A set of plans sent to the shop floor may not be adequate to complete the job on time, which (to the floor supervisor and perhaps his job description) is the metric by which he or she is judged. How does he respond? Can you say “blame game”?

Two vice-presidents vying for the favor and attention of the board chair agree on a marketing strategy in advance of the monthly board meeting. When presenting, one of them proposes a different strategy, which threatens to lessen the other’s role. How does he respond? Can you say “undercutting”?

And in stressful office environments, people just don’t seem to like each other and find themselves hopelessly tangled in unproductive games and wasted energy. They blame each other and waste time and money while wanting their own egos to win. Can you say “cat fight”?
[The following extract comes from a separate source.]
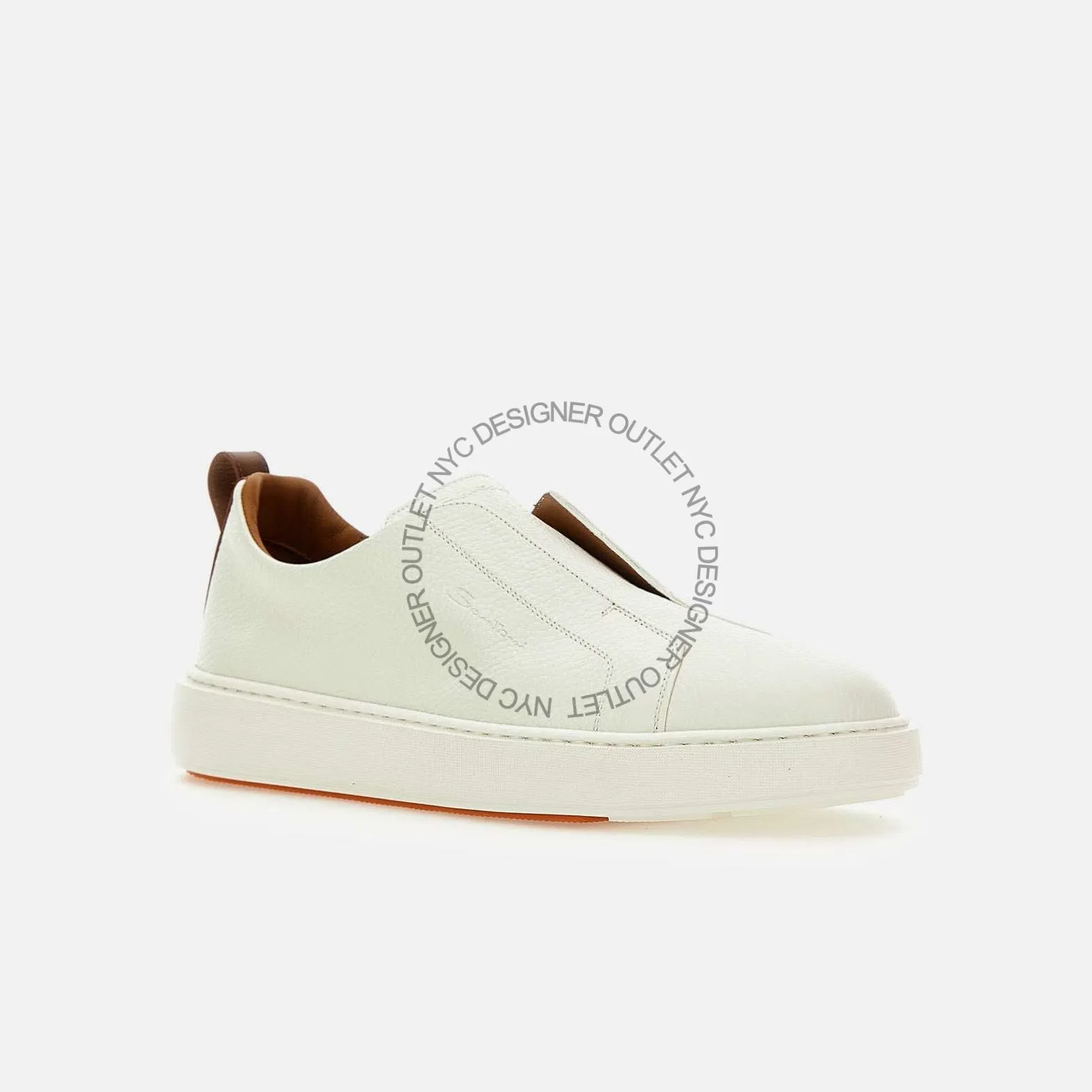 Santoni Mens Sneakers fun - run college teams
Applying the basic parameters of road rage to other areas as I’ve done above is a way to see the lack of clarity. Having to meet my own immediate emotional needs (run the other guy off the road, make the design team look bad, or the other vice president, or get the other office mate fired) rather than look up the road (pun intended) and create an environment where the team (the other driver and me, the whole manufacturing exercise, the strategic decision-makers of the company or the productivity of a department) proceeds productively.

Every organization where I have coached over the last 20 years has had road ragers who react emotionally instead of rationally. The degree to which a leader can minimize the effects of the rager is often the key to his or her success. The games that ragers play can create an effect similar to having sand in an engine. The engine can run, but I guarantee it will run a lot better when no sand enters in the first place.